Saturday, February 27, 2010

House Republicans Prove Education Isn't One of their Priorities

In these tough economic times there are going to be cuts across the board but it’s important for our elected officials to propose a budget that protects the most important programs like education. Although there are some things I disagree with in the Senate’s budget, our Senators did the best they could to make sure our schools remain among the best in the country. Unfortunately, the House of Delegates passed an absolutely horrible budget that would cut $620 million from education.

What’s very telling about the cuts to education in the House is the fact that the Republicans did their best to keep the Democrats out of the negotiations surrounding the proposal. Even the Democrats on the Appropriations Committee (which is the committee which is supposed to do most of the work on the budget) weren’t given the opportunity to participate until the absolute last possible moment. Of course this also comes on the heals of McDonnell proposing even more cuts to education and trying to keep his budget plans secretive.

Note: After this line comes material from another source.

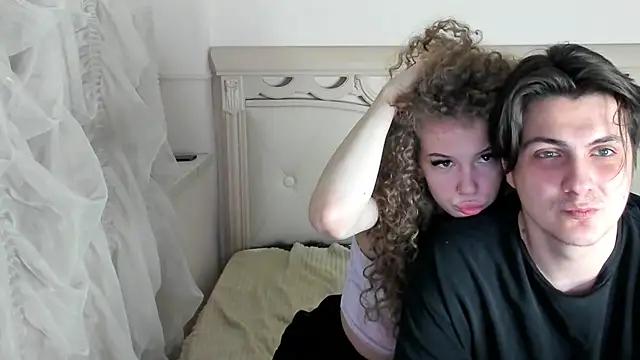 hurricane_of_love from StripChat
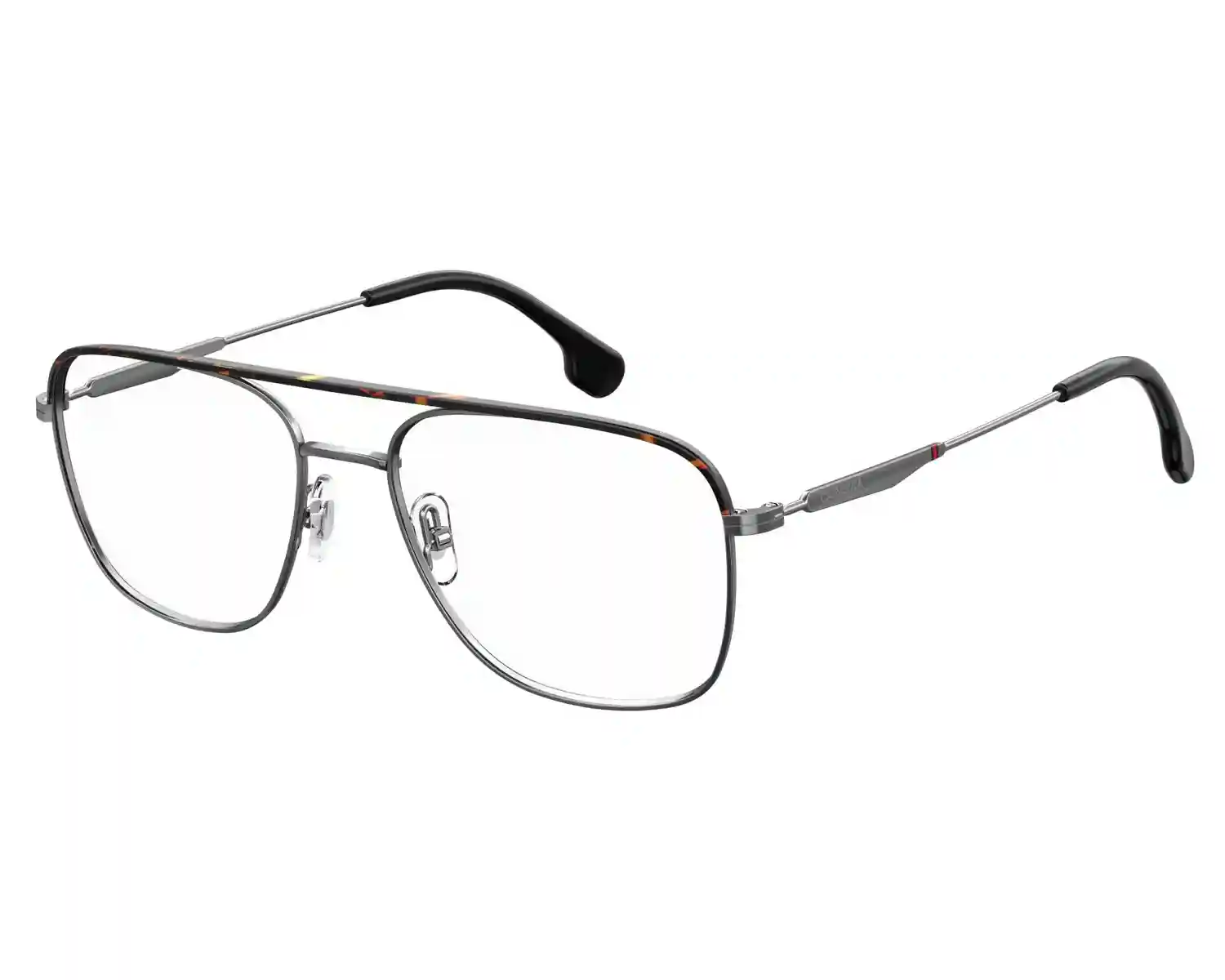 CARRERA CARR211 6LB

The GOP’s insistence of blocking the Democrats from any real negotiations on the budget not only show that they’re not interested in bipartisanship, but it means that they have to take responsibility for proposing so many cuts to education. It’s the action one takes that illustrates the priorities of elected officials and the Republicans have therefore proven that they don’t value education. At the same time that they cut $660 million from education, after all, they included measures that would cost millions of dollars to lure film executives into filming in Virginia and others that wouldn’t help Virginians but would simply shift the financial burden of programs onto local government. If they were truly interested in protecting public education, we wouldn’t have seen the House Republicans use these tactics.

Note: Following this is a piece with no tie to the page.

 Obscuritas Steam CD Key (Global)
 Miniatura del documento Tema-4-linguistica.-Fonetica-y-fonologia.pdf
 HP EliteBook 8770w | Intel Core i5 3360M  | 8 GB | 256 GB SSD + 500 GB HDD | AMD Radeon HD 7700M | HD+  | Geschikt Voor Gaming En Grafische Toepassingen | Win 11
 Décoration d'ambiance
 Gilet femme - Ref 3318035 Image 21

Fortunately, we do have some elected officials in the General Assembly who are willing to fight for Virginia’s students. Not only did the Senate pass a budget that did its best to protect as much education funding as possible, but there were also several Democratic members of the House of Delegates who spoke out passionately about the need to fully fund our schools. In an email that he sent yesterday, for instance, Delegate Adam Ebbin drew attention to the fact that the impact of cutting education expands well beyond our schools.
In my opinion, we shouldn't make large indiscriminate cuts without regard to their long and short term impacts. We should make strategic reductions, merge agencies and prioritize education and healthcare for hard working Virginians.

Companies and taxpayers locate in Virginia because of our outstanding education system and quality of life. The Republican House budget adopted yesterday relies heavily on cuts to the very aspects that make Virginia the Best State for Business.
I completely agree with Del. Ebbin here. The Republicans might claim to be the party that looks out for business, but their budget clearly says otherwise. Not only are they making cuts to schools at a time when it’s perhaps the most important for our students to receive the best education possible, but they are taking away resources from what makes Virginia so attractive to business leaders – schools that develop a highly qualified workforce.

As negotiators from both the House and Senate begin to work on combining the budgets passed by each body, there is an opportunity to make sure that education remains a priority like the public wants. Since both the House and Governor want massive cuts to our schools in favor of attracting Hollywood executives to Virginia, however, this will take a lot of leadership from the Senate negotiators. Individual members of the Senate have told me that they’re confident in their team, but that this was going to be a tough negotiation. The budget negotiation is supposed to be finished in a couple weeks, but the length of past negotiations suggest that this might take a little longer than is currently scheduled (especially since the budgets are starting out relatively far apart). I therefore encourage you to make sure that members of the General Assembly know that education is a priority to Virginians and that they should keep the Senate’s education funding levels. This could be a long fight and it can help for our elected officials to hear directly from their constituents about what priorities they should fight for.